Разделитель для чтения книг в онлайн библиотеке

Онлайн книга «Воспоминания»

Cтраница 3

Двадцать второго июня я побежал на почту. Надо было – я ведь уже читал газеты. Мне шёл десятый год. И когда я прибежал туда, как раз громко объявили, что немцы бомбят русские города и что началась война. Я сразу подумал: почему немцы на нас напали? Они ведь будут разбиты в кратчайшие сроки? Я был в недоумении и был обрадован, потому что считал, что война скоро закончится, враг будет разбит. Кстати, такого мнения придерживались и многие взрослые – настолько велика была мощь советской пропаганды, основанной на абстракциях марксистской теории, на вере в рабочий класс буржуазных стран и так далее. Но абстракции абстракциями, а жизнь жизнью. Все рабочие Германии либо работали на военных заводах и работали, надо сказать, с огоньком, либо активно сражались в рядах немецкой армии. Национальное чувство попросту раздавило всякие классовые настроения, и та война подтвердила, что национальное чувство несравнимо глубже классового, что их даже смешно сравнивать.

Я радостно прибежал на дачу с криками:

– Мама! Мама! Германия на нас напала!

Мама посмотрела на меня и сказала:

– Не говори чушь. Этого не может быть.

Но я кричал, что это правда и что Германия скоро будет разбита. Тогда мама всё-таки вняла моим словам и пошла к соседке по даче, которая и открыла ей страшную правду. Мама пришла вся в слезах. Она, которая пережила Первую мировую, знала, что такое европейская война, что творилось на фронтах. Она рыдала. И тогда я почувствовал неладное, ощутил, что что-то не так, что какая-то чёрная туча образовалась в пространстве. Мои ощущения были такого рода: во-первых, сразу изменилось психологическое состояние людей – мы сразу попали в другой мир, это был мир войны, мир защиты родины.
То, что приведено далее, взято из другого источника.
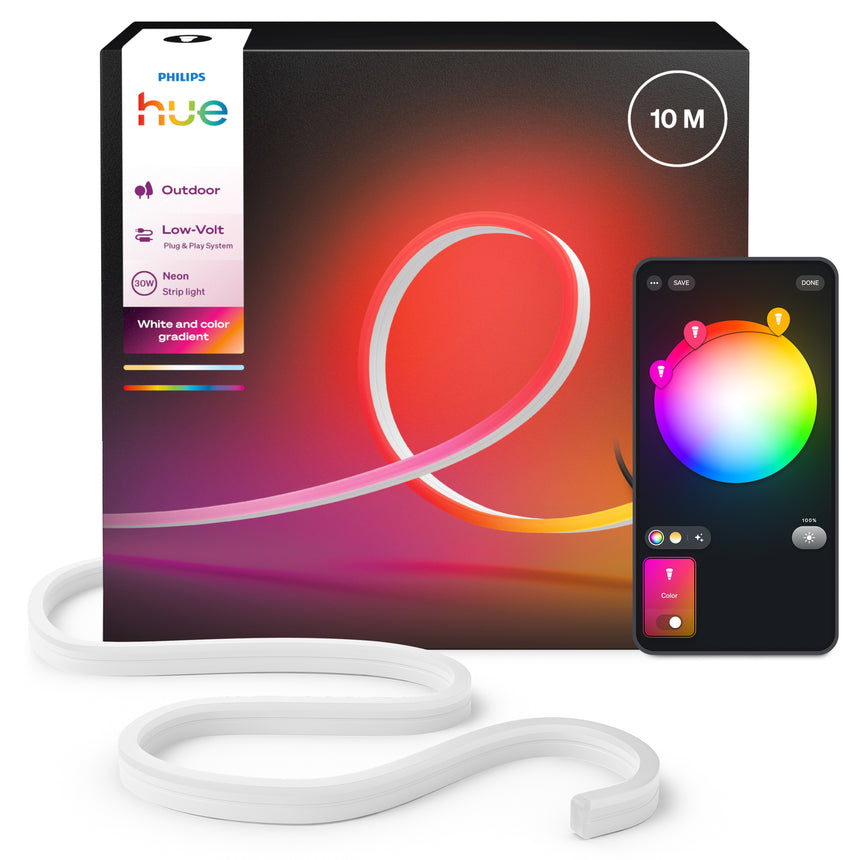 Philips Hue White and Color Ambiance RGBW Tira LED neon outdoor ledstrip blanco RGBW 30W IP44 8721103088857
Я видел, будучи ещё на даче (мы ещё не успели переехать в Москву), первые картинки войны. Вдруг неожиданно… я сидел на террасе, кто-то был рядом, пудель, кажется, и вдруг – такой неимоверный грохот над нашей крышей! Как будто сам гром небесный падал на нашу дачу. Я закричал, схватился за голову… Все вокруг тоже были в каком-то взрыве эмоций. Но не успели по-настоящему проникнуться ужасом, как всё это пролетело над нами и упало недалеко, там, где обрыв, где река Истрёнка. А вдали виднелся Новоиерусалимский храм. Этот храм – чудо православной веры, я его видел из окна и до войны, и он завораживал меня своей мистической красотой. Я сразу увидел, ещё не осознавая вполне, поскольку это было под вуалью запретов, что значит храм. Я понял, что это другой мир, что это то, что возносит человека до состояния, с которым он не знаком на земле. Храм этот был невиданной красоты и стоял, окружённый русской природой, такой глубокой, с её нежными и тихими тайнами, изгибами, с её аурой, отвечающей русской душе, – это был потрясающий пейзаж. И вот именно на эту землю, среди этого пейзажа, упал первый увиденный мной немецкий самолёт, сбитый нашими зенитчиками. Потом мальчишки бегали туда, хотя самолёт был оцеплен, лётчики мертвы, машина фактически сгорела, осталась груда того, что совсем недавно символизировало мощь великой Германии.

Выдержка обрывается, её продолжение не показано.